Of Charity and Communal Dressing Rooms

LAURIE: I just returned from a preview of the Brides Against Breast Cancer (or BABC) Wedding Gown Sale, in which new and used bridal gowns have been donated, with the proceeds from their sale going to benefit Making Memories. I was invited to the preview because the publicist for the event had read my whining a few weeks ago on this very site about having to buy a second dress after realizing that the first one was more appropriate for a Third World honeymoon than the actual wedding event.

Here is what I liked about the event, which runs today until 8 PM and tomorrow from 9 AM to 6 PM at 15 East 27th street in Manhattan:

-There were just as many size 14s as size zeros, and the gowns were separated by size.
-The prices on many gowns were a fraction of their (obviously inflated) retail value.
-I was not the heaviest girl in the wide-open communal dressing room.
-The volunteer who said to me, “I’ve seen way more thongs and tattoos in the last hour than ever in my life.”.
-There was no middle-aged saleslady slinging a tape measure around anyone.

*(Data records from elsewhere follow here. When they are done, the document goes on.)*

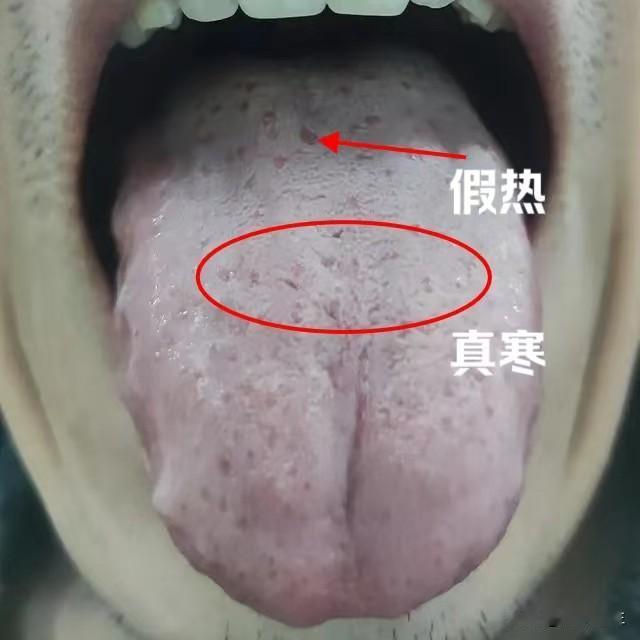舌诊分析：心脉瘀滞不通，真寒假热之象
1、“舌尖暗紫，有瘀点”——舌尖反映心和肺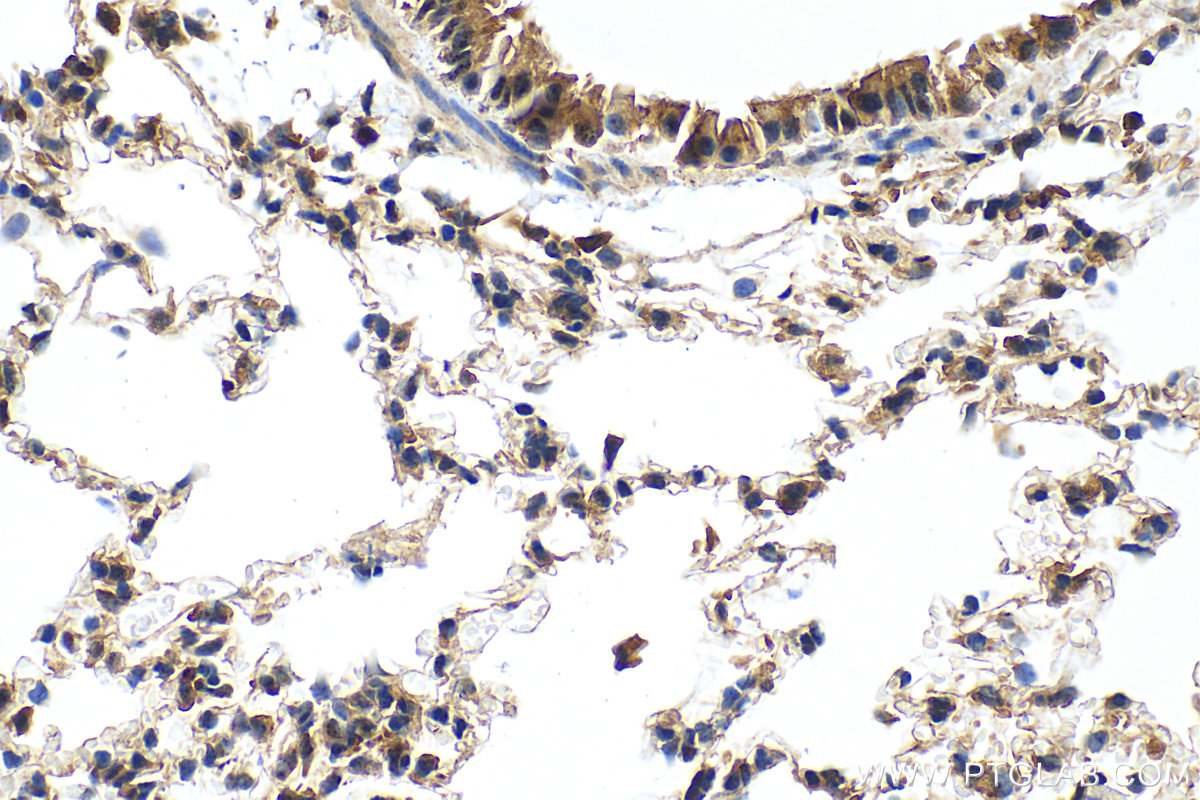 IHC staining of mouse lung using 30191-1-AP
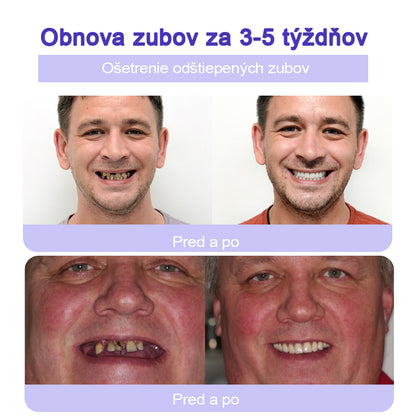 GarageLine™ (odporúčaný ADA) Minerálny prášok na obnovu zubov (⏰Obmedzená časová zľava, posledných 30 minút⏰) 🪥🦷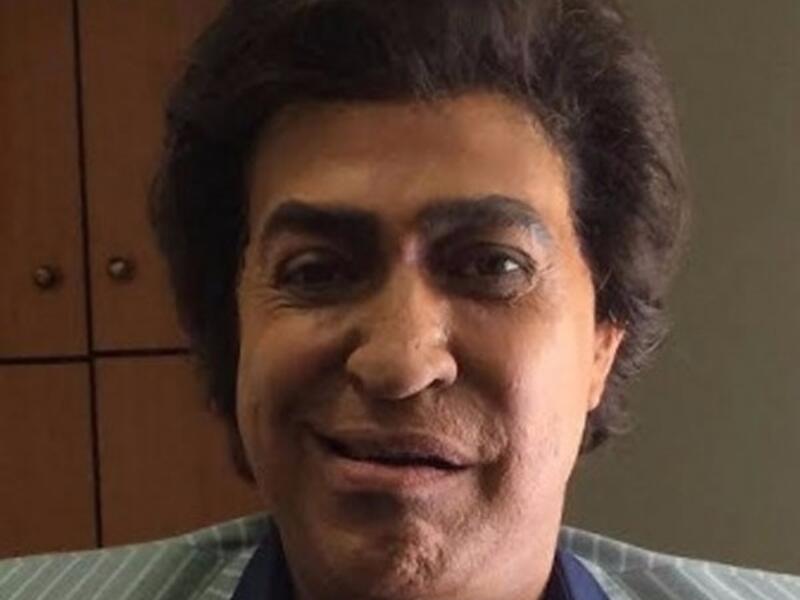 أعلن الفنان حكيم تضامنه مع الفنان الكبير أحمد عدوية وذلك بعد مطالبة الموسيقار حلمي بكر له باعتزال الفن بالتوقف على الغناء حكيم عبر عن تضامنه بطريقة مبتكرة حيث تقمص شخصية عدوية وخضع لماكياج جعله شبه ملامح عدوية لحد كبير وحرص على ارتداء ملابس تشبه ملابس عدوية.
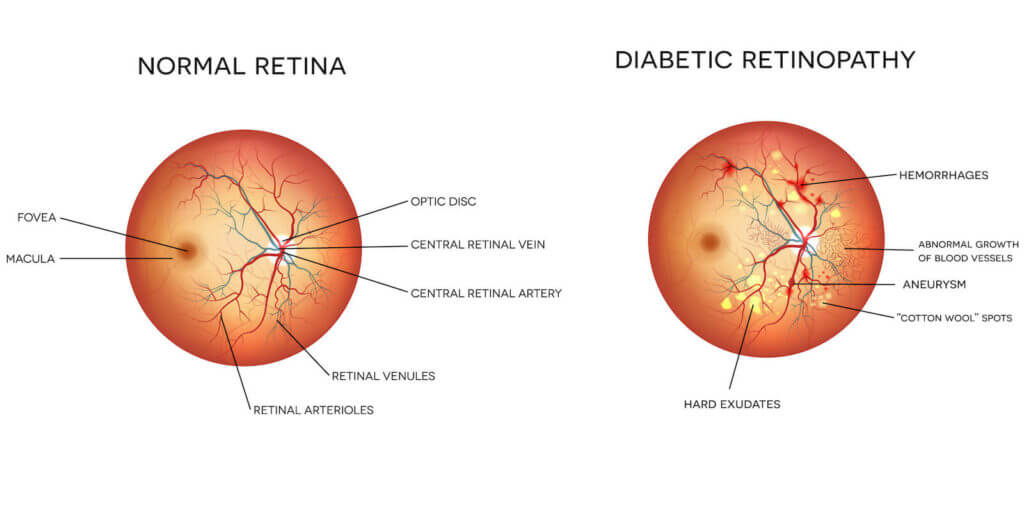 Diagram of diabetic retinopathy vs a normal retina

(Aside: At the risk of sounding like a hugely insensitive bitch, I will admit, pace Barbara Ehrenreich, to having had mixed feelings about the way breast-cancer fundraising has attracted the lion’s share of public sentiment, not to mention all that extra money from the beauty and fashion industries. Breast cancer charities have their own Kitchen Aid mixer, for god’s sake.

But of course it occurs to me that just because the breast cancer people have been so successful in their public saturation campaign doesn’t mean that the MS people, the cleft palate people or the Democratic National Committee can’t take a lesson and step up their own game.)

Take it from the world’s least enthusiastic shopper: if you are a bride-to-be looking for a dress and you’ve decided to give the summer share a rest, check out this sale. At the very least you’ll get to see everyone else’s stretch marks and weird body hair.